Housing credit growth at a system level almost doubled over the 12 months to September 2021, reaching 6.5%[1]. Most of this growth was due to owner occupier lending, up 8.7% over the 12 months; investor lending growth was a more modest 2.4%[2]. The flow of new home loan commitments remains high, up 35.5% over the year to September, but momentum has slowed in recent months, driven by a fall in new loan commitments for owner-occupier housing; new loan commitments for investor housing continue to grow, up 83.2%[3] over the year.
Refinancing increased for the five consecutive months to August 2021[4], reaching record highs as borrowers moved to lenders offering lower rates and took advantage of cashback deals. However, refinancing declined sharply in September, for both owner occupiers and investors[5].
Strong demand coupled with limited supply has led to a rapid rise in house prices, which have increased by more than 21%[6] over the year to October. In October, housing prices increased a further 1.5%, equivalent to 18% annualised, but down from their peak monthly growth rate of 2.8% in March – as affordability constraints and a lift in stock on market has slowed price growth.
This historic house price growth has spurred renewed policy concerns over housing affordability. Australia is not alone in this concern. House prices are also rising rapidly in countries like Canada, the US and the UK, where prices all experienced double-digit growth over the year to June[7], while prices in New Zealand increased by nearly 29%[8].
Rising house prices have also led to rising household leverage. Over one in five new loans now has a debt-to-income ratio of over six times.
APRA is scheduled to release a framework for applying macroprudential standards to the housing market in the coming months. Already though, APRA has increased the minimum interest rate buffer it expects banks to use when assessing the serviceability of home loan applications. The buffer, which has been raised by 50bps to 3% above the loan product rate, is expected to reduce borrowers’ maximum borrowing capacity by around 5%. The impact of this change will be marginal, with many borrowers not borrowing at their maximum capacity. Some banks are introducing additional lending controls over and above those set by the regulator to address potential emerging risks. In New Zealand, the RBNZ has recently introduced new macroprudential measures aimed at reducing high risk lending. It has also increased the cash rate for the first time in seven years in response to inflationary pressures, including strong house price inflation.
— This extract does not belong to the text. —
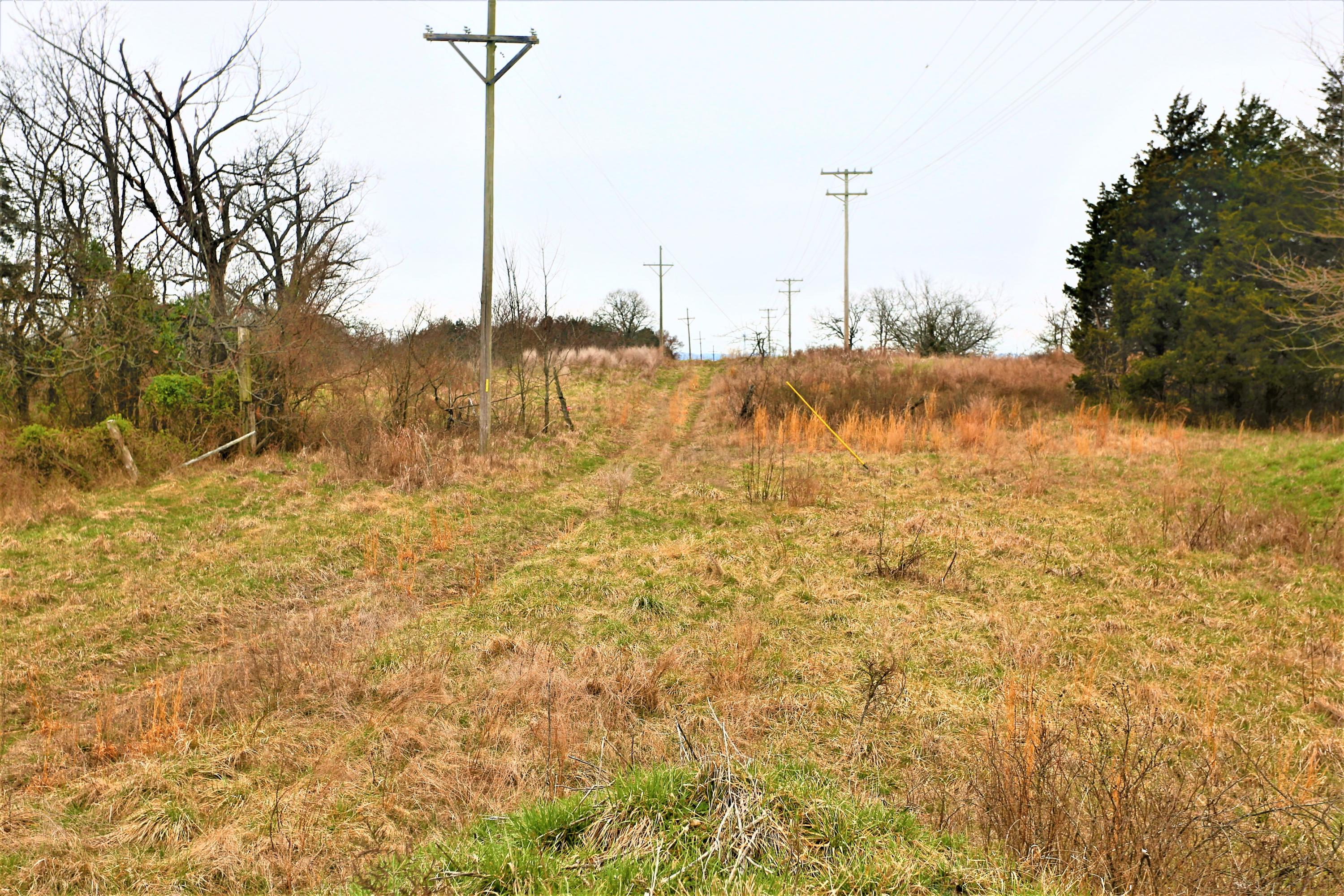 1278 Coon Creek Road Property Photo 23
Not all the major banks have benefited equally from the surge in housing credit. Strong competition and volume processing challenges for some banks have resulted in home loan performance diverging markedly between individual banks.
The broker channel continues to drive application volumes, accounting for around 60%[9] of home loan transactions. Banks with strong broker propositions are more likely to achieve market share growth.
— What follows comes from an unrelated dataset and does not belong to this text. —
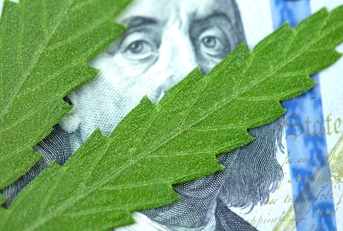 Concept of income from marijuana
Pressure from competitors, brokers, regulators and challenging macroeconomic conditions has pushed the banks to strengthen their home loan propositions to remain competitive. They are investing heavily in improving the home lending experience for customers, including simplifying loan application approvals and reducing turnaround times by increasing process digitisation and automation – the key levers to increase operational ‘flex’, drive cost efficiency and deliver market-leading service timeframes.
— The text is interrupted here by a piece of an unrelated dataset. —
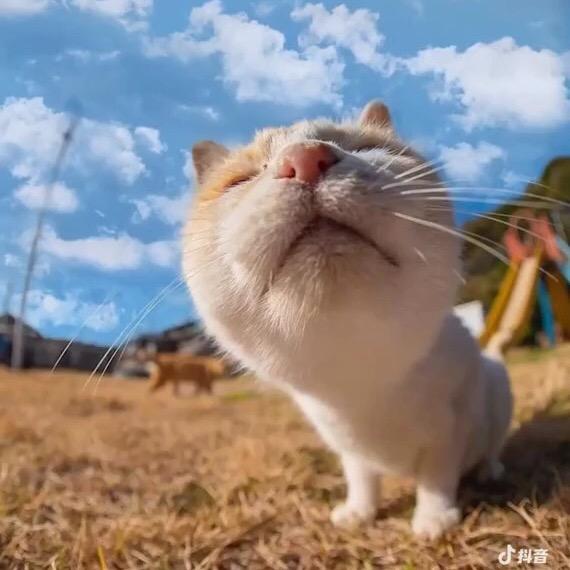 Bo、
Speed and simplicity are important factors in winning new home loan customers. By investing in technology to reduce the 'time to yes', some of the non-major banks have grown their market share significantly. Several digital lenders and fintechs are using big data and automation to offer faster mortgage lending propositions.
We expect the home loan market to evolve rapidly over the next few years as open banking initiatives, big data and other digital innovations drive more customised customer experience. Winners will be lenders that design their value proposition to deliver a more personalised customer experience.